Covid-19: As Second Wave Brings Downside Risks, Policy Options Are Limited
A man wearing a protective mask wheels a bicycle past a mural of Covid-19 frontline workers in New Delhi, India. (Photographer: T. Narayan/Bloomberg)

Covid-19: As Second Wave Brings Downside Risks, Policy Options Are Limited

With daily Covid-19 cases running above 2 lakh per day, local state governments are continuing to impose restrictions on movement, gatherings and high-contact services. The result is that economic activity is slowing, even as policymakers are left with fewer options to deal with another sharp economic downturn if it happens.

The Oxford Stringency Index moved to 69.91 as of April 15, 2021, from 57.87 on April 1. While Maharashtra has imposed the strictest lockdown so far, other major states such as Delhi, Karnataka, Gujarat, Uttar Pradesh, Madhya Pradesh, Rajasthan, Punjab, Haryana have imposed curbs ranging from night and weekend curfews to limiting gatherings, closing schools and colleges and tightening travel requirements.

Night curfews have been announced by eleven states accounting for about 60% of India’s GDP, according to Samiran Chakraborty, chief India economist at Citibank in a research note dated Apr.15, 2021. As of now, the second wave is still more concentrated than the first with urban India making up two-thirds of all cases but the pandemic continues to grow at an alarming pace, he said.

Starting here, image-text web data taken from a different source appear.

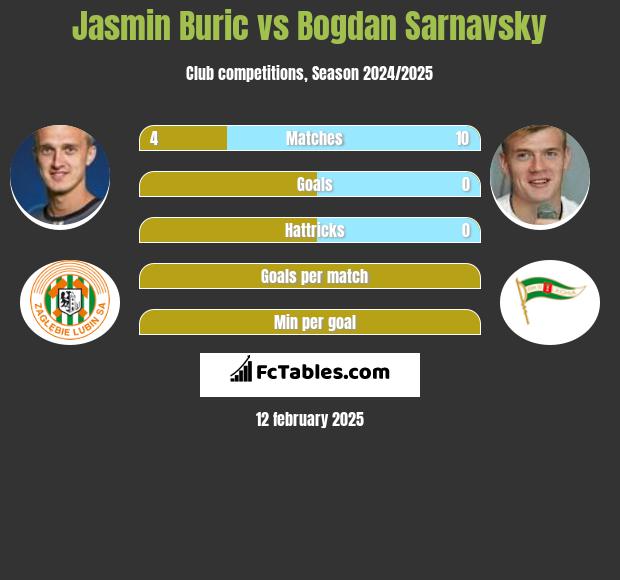 Jasmin Buric vs Bogdan Sarnavsky h2h player stats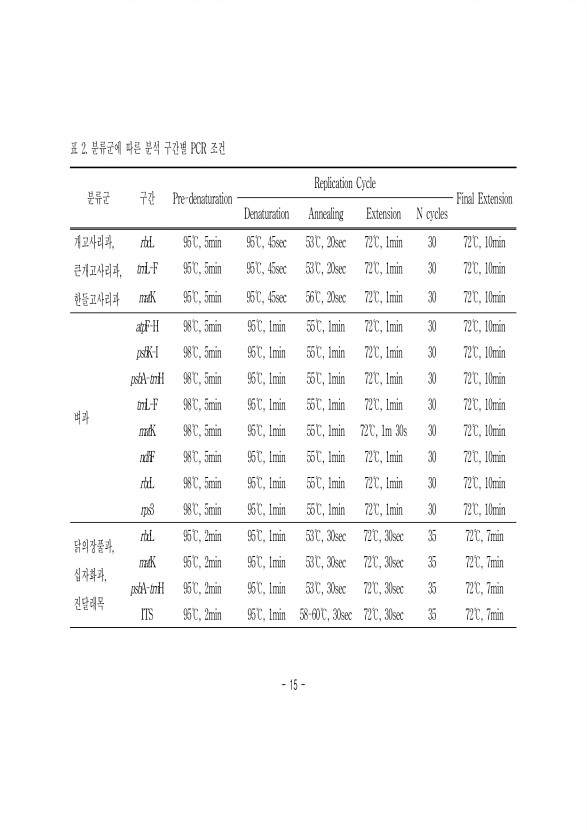 15페이지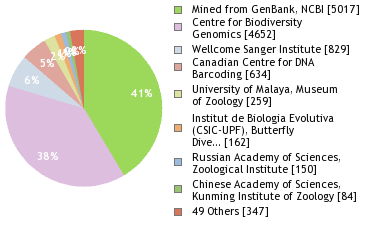 Sequencing Labs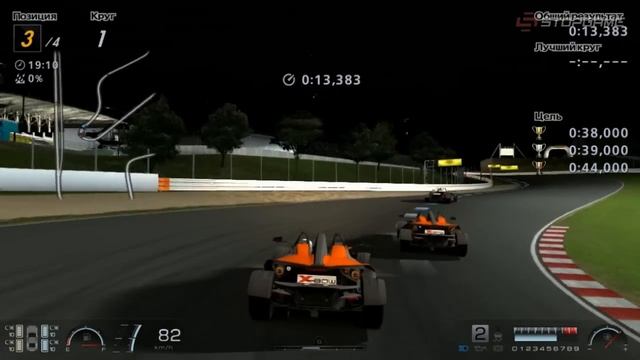 Обзор игры Gran Turismo 6 [Review] смотреть онлайн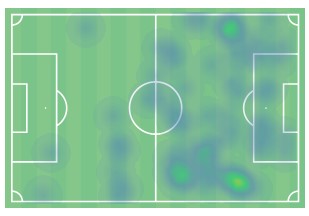 «Το Αποκαλυπτικό One Man Show του Ζέλσον: Μια Εντυπωσιακή Παράσταση Χωρίς Νίκη (vid)» 2 αρσ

Accounting for peculiar year-end issues and general seasonality, we think our ‘narrow recovery index’ shows some early signs that the momentum we saw in January-February has waned and economic activity has stalled, although it is still not declining.
Samiran Chakraborty, Chief India Economist, Citibank

Accounting for restrictions and the impact on sentiment, Citi has revised its FY22 real GDP forecast to 12%, 50 basis points lower than earlier. Less stringent lockdowns, a better prepared organized sector, pent-up consumption in subsequent quarters and vaccination of the vulnerable groups could limit the economic impact of the second Covid wave, Chakraborty said.

Taking into account the new restrictions, the economic cost of the latest shutdowns will increase to $1.25 billion per week, from $0.52 billion earlier, according to a research note by Barclays dated April 12, 2021. This increase reflects a modest tightening of activity curbs and the widening geographical spread of the second wave.

Taking into account rolling Covid curbs, if the current restrictions remain in place until the end of May, we estimate that the cumulative loss of activity could amount to around $10.5 billion, or about 0.34 percentage points of annual nominal GDP...The impact on Q1 FY22 nominal GDP is likely to be higher, shaving about 1.4 percentage points.
Rahul Bajoria, Chief India Economist, Barclays

While Google community mobility reports continue to suggest a fall, it is still largely led by a decline in Maharashtra and adjoining states. Moreover, the correlation between mobility and economic activity has slipped, said Bajoria.

According to HSBC’s proprietary model, the current restrictions in Maharashtra imply a loss of close to 0.6% of the country’s gross value added in the quarter ending June. If the curfew is extended beyond 15 days, the cost will be higher, said Pranjul Bhandari, chief India economist at HSBC. Nomura’s Sonal Varma had earlier cautioned that the sequential momentum between the January-March and April-June quarters may turn negative, even if the year-on-year growth holds strong.

Fiscal Policy: Further Expansion Unlikely

Should the economic impact of the second wave worsen, policymakers may have tough choices to face.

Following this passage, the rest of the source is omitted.